*** Opening of ENTRIES SUPPLIED ***

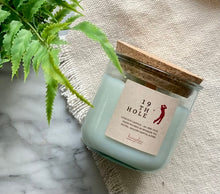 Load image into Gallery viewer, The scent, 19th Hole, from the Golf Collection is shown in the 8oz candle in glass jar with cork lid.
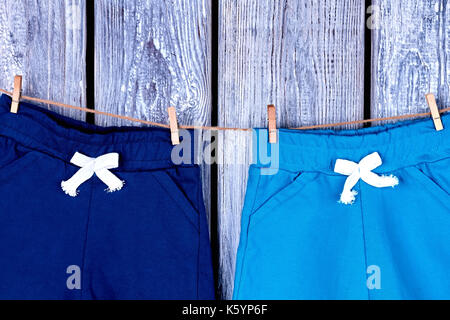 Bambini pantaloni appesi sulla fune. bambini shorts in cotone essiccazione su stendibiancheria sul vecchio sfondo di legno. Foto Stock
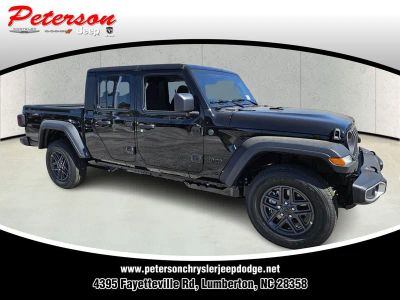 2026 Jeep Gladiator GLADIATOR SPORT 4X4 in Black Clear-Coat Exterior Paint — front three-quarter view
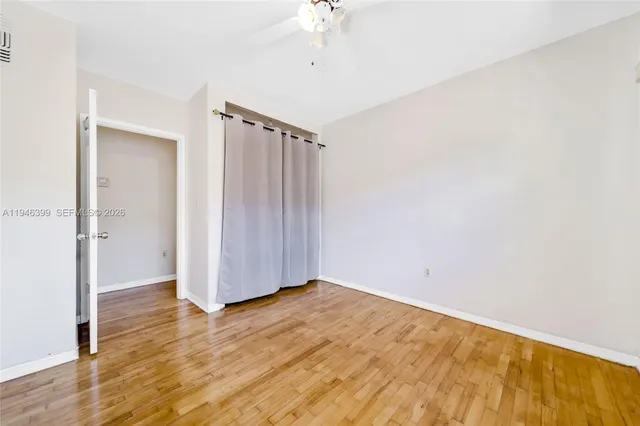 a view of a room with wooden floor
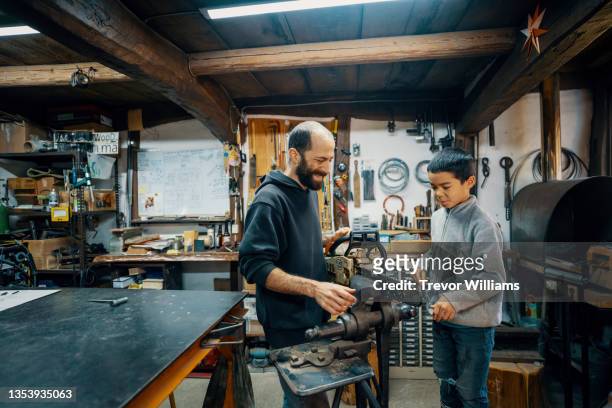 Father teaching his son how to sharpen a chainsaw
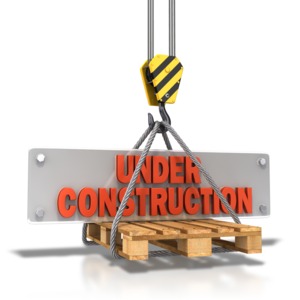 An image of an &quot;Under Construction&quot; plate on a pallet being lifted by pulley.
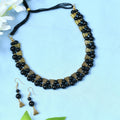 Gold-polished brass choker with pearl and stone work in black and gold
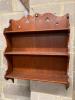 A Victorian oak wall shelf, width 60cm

*** Close of ENTRIES SUPPLIED ***

* [EXERCISE]: Copy all of the data above exactly. Leave out every picture.

* [TASK RESPONSE]:
 Load image into Gallery viewer, The scent, 19th Hole, from the Golf Collection is shown in the 8oz candle in glass jar with cork lid.
 Bambini pantaloni appesi sulla fune. bambini shorts in cotone essiccazione su stendibiancheria sul vecchio sfondo di legno. Foto Stock
 2026 Jeep Gladiator GLADIATOR SPORT 4X4 in Black Clear-Coat Exterior Paint — front three-quarter view
 a view of a room with wooden floor
 Father teaching his son how to sharpen a chainsaw
 An image of an &quot;Under Construction&quot; plate on a pallet being lifted by pulley.
 Gold-polished brass choker with pearl and stone work in black and gold
 A Victorian oak wall shelf, width 60cm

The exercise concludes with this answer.